From: Mark Nottingham <mnot@akamai.com>
Date: Fri, 23 Mar 2001 21:15:26 -0800
To: XML Distributed Applications List <xml-dist-app@w3.org>
Message-ID: <20010323211525.A20507@akamai.com>

Henrik Frystyk Nielsen wrote:
> Therefore the task of writing a protocol binding may be more a
> question of determining the restrictions that the underlying
> protocol imposes on SOAP than vice versa. A few examples of the
> questions that one has to ask while writing a protocol binding are
> of the style
> * Does the underlying protocol impose a message exchange pattern? 
> * Does it impose restrictions in dealing with faults? 
> * Does it impose restrictions on the size of a SOAP message? 
> In the particular case of SOAP, HTTP "colors" the SOAP envelope with the
> HTTP semantics including with the notion of a request and response.

This is much better put than my attempt:

I'm particularly interested in the case where a protocol may have
multiple 'shapes', such as BEEP. I imagine we may have to define
multiple bindings for BEEP to cover this, but if I read it correctly,
this is the intent in any case, as BEEP is a protocol framework, not
a protocol.

In any case, it's important to separate XMLP MEP and transport MEP.

> The interesting thing is that the RPC convention imposes similar types
> of constraints on the SOAP envelope - it talks about where to stick the
> method call parameters and what the headers can be used for in the case
> of RPC. In many ways, this is very close to a protocol binding but where
> the HTTP protocol binding binds to an actual protocol (HTTP), the RPC
> convention binds to an abstract "RPC protocol".
> This is actually not new in that we in the MIME multipart binding also
> binds to something that is not really a protocol (MIME). We also have
> the notion of "nested" protocol bindings in that MIME multipart can be
> used in combination with HTTP etc. Similarly the RPC "binding" can be
> used over HTTP in which case the request/response maps directly to the
> HTTP request/response. However, if we use the RPC "binding" over SMTP
> then we have to compensate in order to get a request/response model and
> we can do that by making a module that provides this functionality.

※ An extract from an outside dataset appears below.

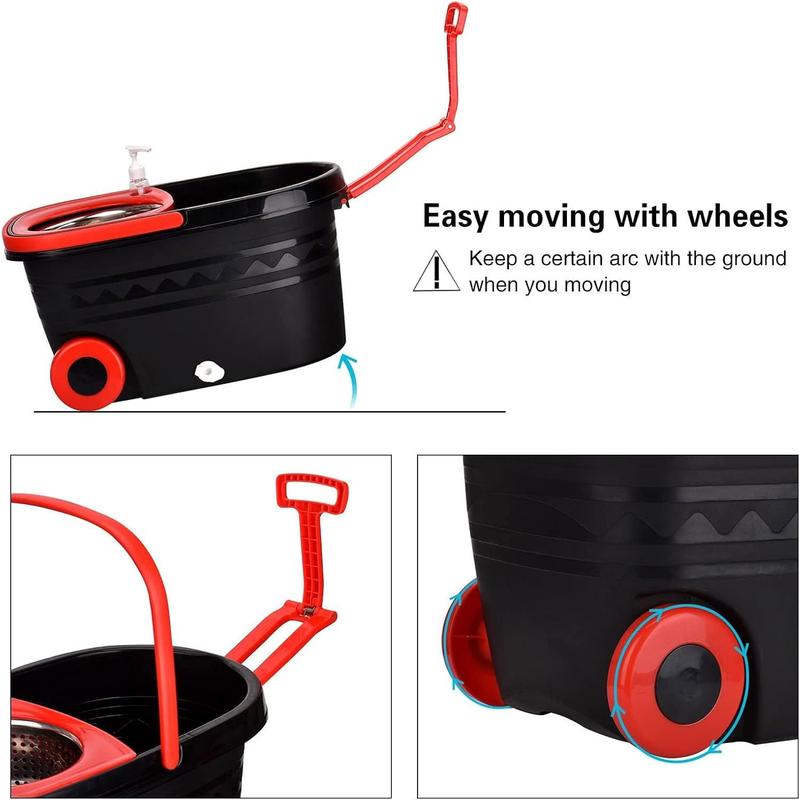 Spin Mop and Bucket with Wringer Set on Wheels, 360 Spinning Mop with Stainless Steel Handle for All Hard Surfaces, Floor Cleaning System with 3 Microfiber Replacement Heads, Black Red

Maybe it's just the terminology, but this is very confusing. I think
I know what you mean, but it might be good to use a term other than
binding, or more fully explain this.

> I think we are getting close - I like the notion that the AM can support
> multiple causality models but doesn't define any. The interesting thing
> is that once you talk about causality, it could be that I have to send
> you 5 messages before you send me one - that is we have sender:receiver
> relationships that include
> 	1:1
> 	1:m
> 	n:1
> 	m:n

I'd go a bit further. One of the things that BEEP does is separate
the concept of who establishes the connection from who originates
exchanges; initiator/listener vs. client/server.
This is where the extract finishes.